After three months of testing, data collection, and analysis, I redesigned the mess. USR literally laughed at my design because it made between three and six queries depending on the user. They stopped laughing when I showed one of their engineers the setup actively handling over 100 authentications per second. The USERS table, holding 10,000 entries, was about 2M.
actually, in the mysql fulltext search docs the mysql guys do a decent job of detailing the _two_ options for querying the fulltext index. putting the "match (a,b) against ('words')" in the "select" list returns the relevance rank against all rows in the table, including those with zero relevance. if you put the match clause as part of the "where" clause then mysql returns only those rows with non-zero relevance, ordered by the relevance score (but the relevance score is not one of the return columns).
- mark
Which of them is most stable (with HUGE databases) ?
What does HUGE mean? Gigabytes? Terabytes? Exebytes? Also, size is not the only metric involved in stability. Stability with a given number of records or fields, for instance. A 100 gigabyte database could have 10 records or a million records. Depends on how big each record is. Another metric is the number of simulatenous requests it can handle. One might work fine if it gets a 100 requests at a time, but chokes if it gets a 1000 requests at a time. A million record database might be only accessed by 2 clients at a time...size doesn't equal number of users.

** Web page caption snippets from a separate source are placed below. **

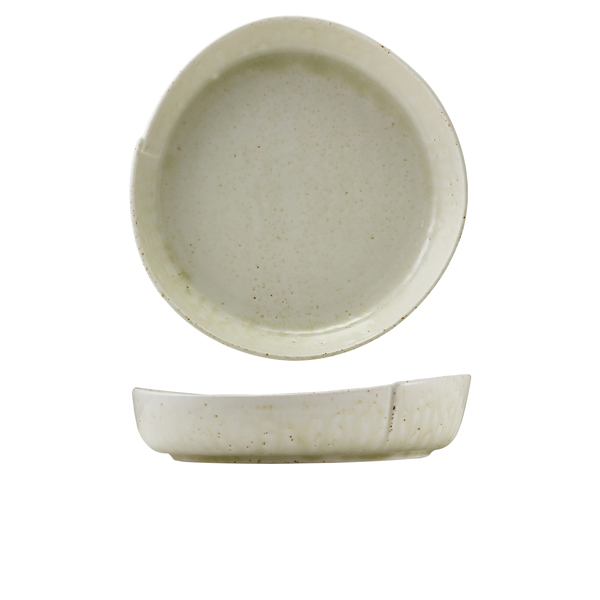 Kozo Porcelain Shiro Deep Plate 23cm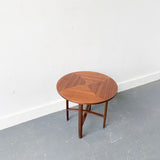 Mid Century Round End Table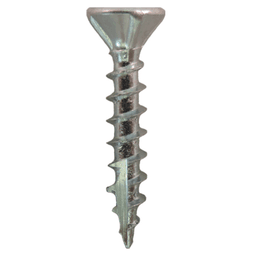 #6 x 3/4" Flat Head Hinge Edge Screws, Square/Phillips Drive Coarse Thread and Sharp Point, Zinc, Box of 1 Thousand by Quickscrews - Main Image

Which of them is most likely to be able to recover withouth glich from an "impure" shutdown ?
Good point, but they're probably about the same in that regard (just taking an educated guess here).

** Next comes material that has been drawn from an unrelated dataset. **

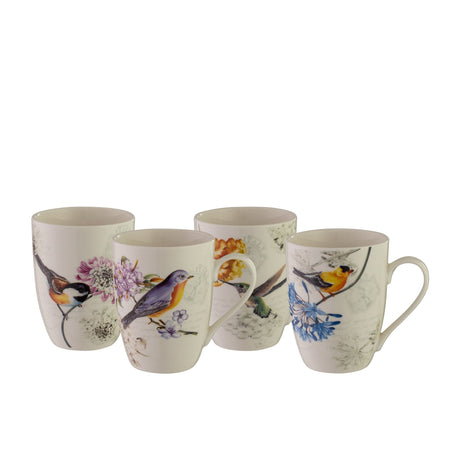 Bundanoon Coupe Mug 355ml Set of 4 Birdsong - Image 01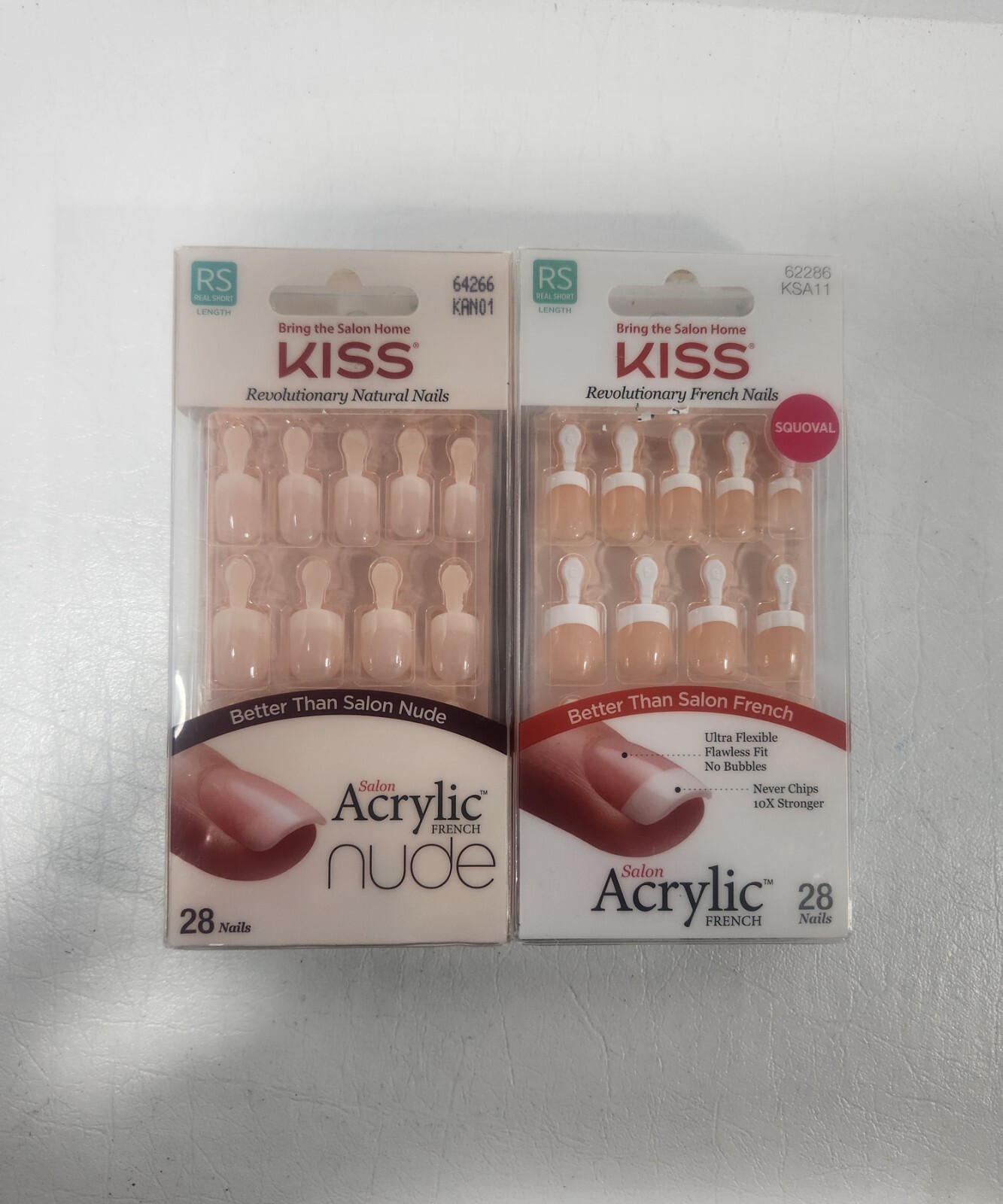 KISS REVOLUTIONARY French ACRYLIC Ultra Flexible Glue 28 Nails 62286/64266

Which will benefit more from a HUGE ram quantity or multiple cpus ?
Most well-written software will take advantage of as much RAM as it can get. The question would be which program is better at managing its own memory?

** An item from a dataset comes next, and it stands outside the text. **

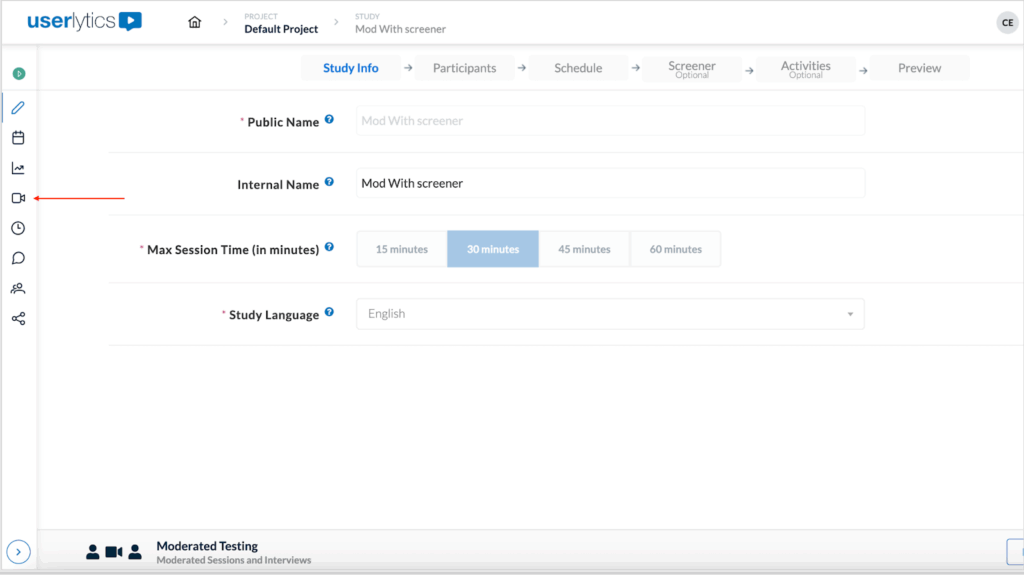Userlytics - Sessions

As far as mutiple CPUs go, programs have to be written specifically to support multiprocessing. On Linux or Windows NT, for the most part, this means writing the code to use multiple threads. I'm not sure if either of them are or are not, but that would be a very good point.
My journal has hot
I don't know about MySQL, but from what I can tell psql for postgreSQL is fairly full featured in terms of wrapping SQL in functional language-- and comparing the minimal work I've done in GUI DB tools to the experiences I've had working in command line or Perl with pgsql, I'd take the non-gui process any day, it's much more direct, flexible, and doesn't suffer from the same tool-specific learning curve (i.e. solid Perl + solid SQL = extremely portable skill, whereas any of the listed commercial tools may or may not be portable-- this is important for both ramp-up time on new experiences/jobs/whatever, and for personal development or career building). As for the tools you mention, do any of these function via ODBC, and therefore have the capability to connect to any database with drivers? Not to say that you don't have a valid point, I'm just wondering if there isn't a good reason why the Free Software types haven't embraced GUI and ungeek-friendly tools...
I do not have a signature
Interbase is free, it is not restricted by the GPL.
Interbase has been released under a variant of the MPL that "protects" the Interbase name (IOW, only Interbase may release certified Interbase builds). Anyone may grab the code and use it whichever way they like.
I'd love to use db.linux on a couple of projects but this limitation is a killer. The complete license is at License Terms.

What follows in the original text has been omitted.